Is likable: Obama, 60-30

Understands the problems Americans face in their daily lives: Obama, 50-39

  • Is honest and trustworthy: Obama, 47-39

    Gets things done: Romney, 46-41

    In terms of overall voter preference, Gallup’s voter tracking for July 17-23 shows “46 percent of registered voters say they would vote for Obama and 45 percent for Romney if the election were held today.”

    USA Today focused its write-up of the polling it co-sponsored on an entirely different angle than Gallup. Specifically, USA Today zeroed in on the data that emerged from pollsters reading respondents this script: “Now, I’d like you to think about Mitt Romney’s background in business, including his time as head of Bain Capital. Do you think his business background would cause him to make good decisions or bad decisions as president in dealing with economic problems the U.S. will face over the next four years?”

    Writing for USA Today, Susan Page described the results emerging from the Bain-centric question: “By more than 2-1, 63 percent to 29 percent, those surveyed say Romney's background in business, including his tenure at the private equity firm Bain Capital, would cause him to make good decisions, not bad ones, in dealing with the nation's economic problems over the next four years.

    “The findings raise questions about Obama's strategy of targeting Bain's record in outsourcing jobs and hammering Romney for refusing to commit to releasing more than two years of his tax returns. Instead, Americans seem focused on the economy, where disappointment with the fragile recovery and the 8.2 percent unemployment rate are costing the president.”

    Politico’s Alexander Burns responded to Page’s analysis by first pointing out that those seemingly pro-Romney numbers stem from national polling, which figures to be affected very little by anti-Romney Bain ads that are being aimed primarily at swing states.

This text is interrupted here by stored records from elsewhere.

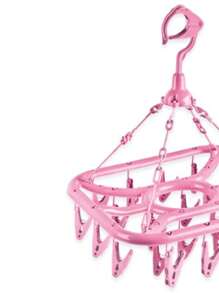 Varal De Roupas Intimas Rosa Prático 24 Prendedores Cuecas Calcinhas - Rosa Bebê - Visão 3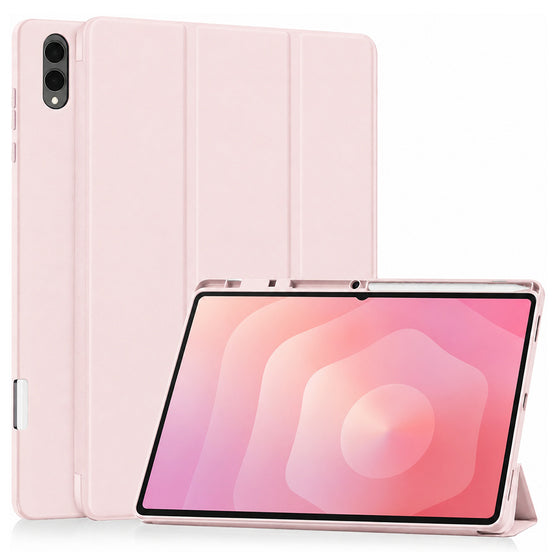 Husă tip carte cu suport stylus Techsuit Flex Trifold pentru Samsung Galaxy Tab S11 Ultra / Tab S12 Ultra – roz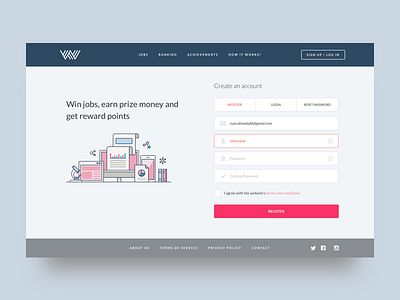 Landing page for a data science bidding site :) form homepage illuasstration landing page register register page sign up sign up page signup page ui ui designer webdesign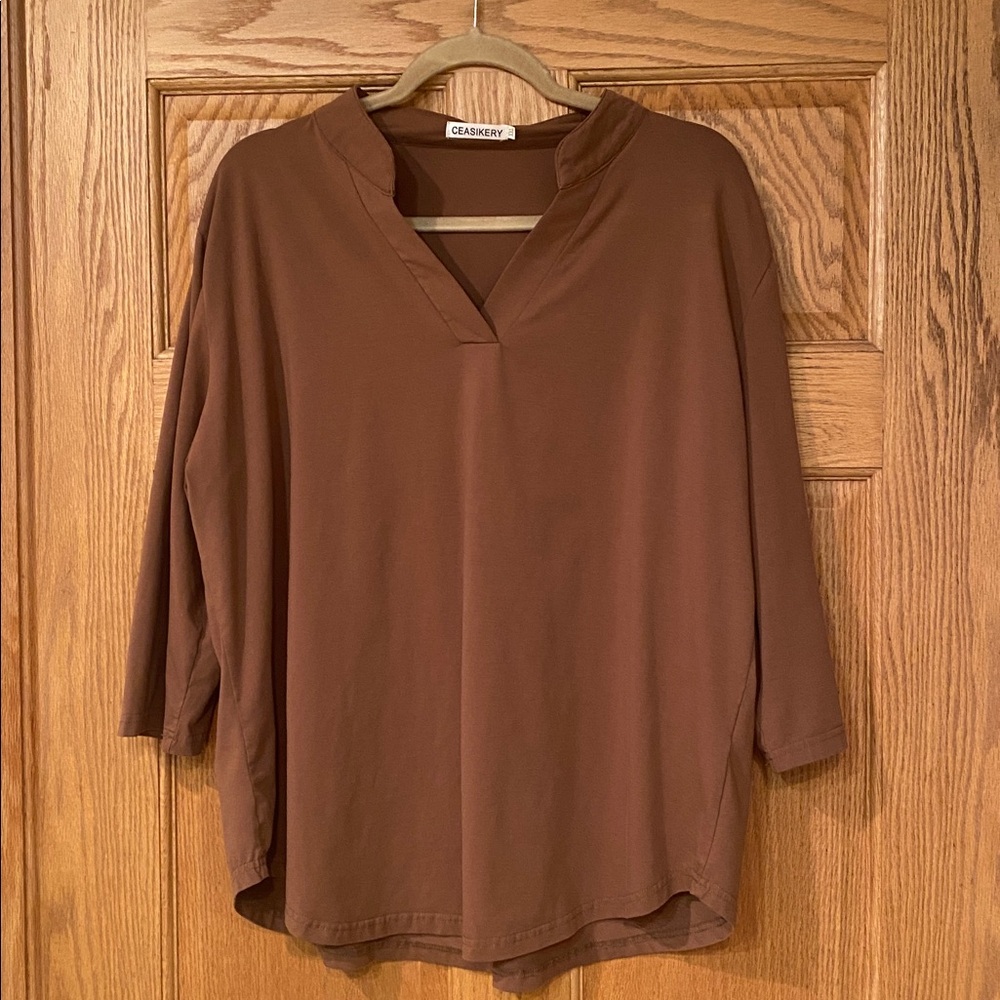 Brown V-Neck Tunic in perfect brown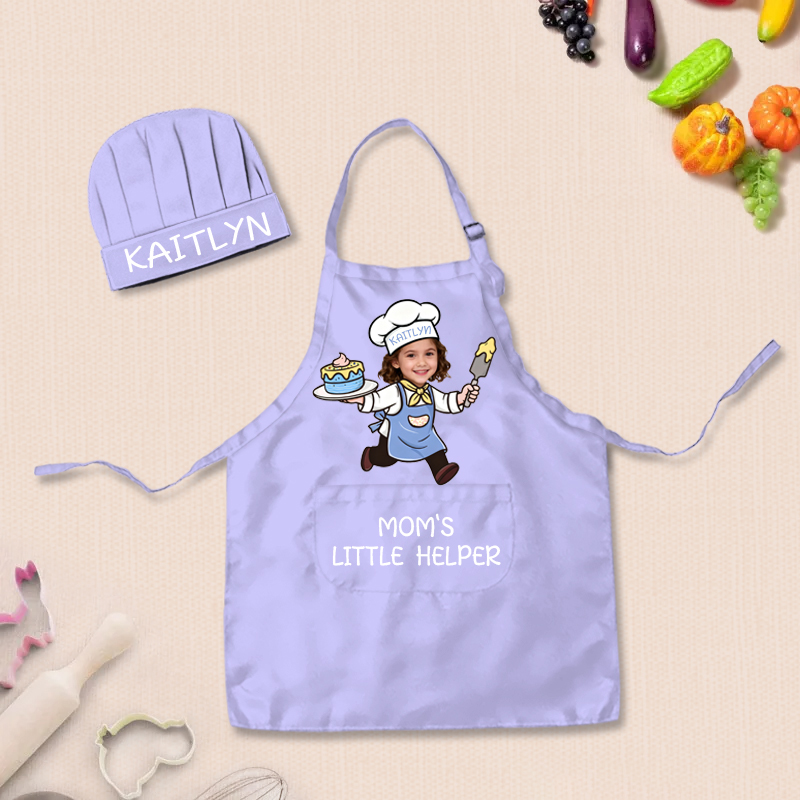 Personalized Fun Cooking Positions Adjustable Kid Apron Chef Hat Set with Pocket and Name for Cooking Baking Birthday Holiday Gift for Kids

    “But in terms of public data," Burns continued, "the impact of the Bain message has in some ways gotten muddier over time, rather than clearer. Voters who have questions about Romney aren't necessarily expressing them in terms of ‘Bain,’ as a piece of political vocabulary, and the fundamentals of the debate over the economy and the size of government haven't gotten any less challenging for the White House.”